И Митя махнул рукой, как бы говоря: «Опять сердишься!» И, не отвечая, он вышел вон.
Артамонов остановился среди горницы, передумывая и как бы взвешивая значение всего, что говорил сейчас здесь четырнадцатилетний мальчуган. Старик, вспоминая слова любимого сына, невольно раза два улыбнулся самодовольно. Он видел, что этот сынишка с каждым днем становится разумней; не только умнее, дальновиднее, толковее его самого. И Артамонов смутно готов был желать, чтобы слова сынишки оправдались, хотя бы ради того только, чтобы поклониться ему потом и всех заставить поклониться.
«Вот, мол, гляди, один на всю Москву все предвидел! Вот голова-то. Кланяйтесь, люди! Что из этакого мальчугана будет?»
У старика в первый раз в жизни вдруг началась путаница и в торговых делах, и в семейных.
Старший сын, Силантий, тихий, кроткий, очень глупый, уже два дня хворал и лежал в своей комнате.
– Чего валяется? – раза два спросил старик у второго сына. – Поди скажи, чтобы шел ко мне сейчас.
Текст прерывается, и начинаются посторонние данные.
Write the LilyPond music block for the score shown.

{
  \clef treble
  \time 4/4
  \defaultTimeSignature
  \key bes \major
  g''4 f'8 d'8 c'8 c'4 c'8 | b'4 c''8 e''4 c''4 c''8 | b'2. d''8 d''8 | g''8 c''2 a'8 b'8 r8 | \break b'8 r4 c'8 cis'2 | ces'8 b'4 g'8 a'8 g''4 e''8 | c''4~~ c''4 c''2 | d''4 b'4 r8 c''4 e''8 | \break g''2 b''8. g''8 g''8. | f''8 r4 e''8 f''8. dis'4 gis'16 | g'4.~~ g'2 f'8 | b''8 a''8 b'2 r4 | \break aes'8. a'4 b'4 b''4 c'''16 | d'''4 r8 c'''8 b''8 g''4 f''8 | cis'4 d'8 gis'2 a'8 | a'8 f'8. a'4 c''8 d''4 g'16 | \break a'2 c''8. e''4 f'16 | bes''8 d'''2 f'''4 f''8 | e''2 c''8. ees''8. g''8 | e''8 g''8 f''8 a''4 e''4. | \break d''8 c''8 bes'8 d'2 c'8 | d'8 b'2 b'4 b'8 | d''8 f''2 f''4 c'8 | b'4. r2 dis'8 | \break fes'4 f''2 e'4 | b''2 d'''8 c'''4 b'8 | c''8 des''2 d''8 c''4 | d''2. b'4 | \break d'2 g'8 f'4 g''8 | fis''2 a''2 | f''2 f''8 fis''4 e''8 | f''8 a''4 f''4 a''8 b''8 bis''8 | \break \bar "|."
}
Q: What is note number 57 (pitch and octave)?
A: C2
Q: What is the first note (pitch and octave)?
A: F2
Нечего нежиться, а то палкой подыму.
Силантий, по приказу отца, встал. Придя к отцу, он едва держался на ногах, бледный, с сверкающими глазами, и тут же у отца, не устояв, он сел на пол в изнеможении. Артамонов знал, что сын капли вина в рот не берет и, конечно, не пьян. Второй сын Пимен увел брата опять, и Артамонов, зная, что сын продолжает валяться, уже не спрашивал о нем.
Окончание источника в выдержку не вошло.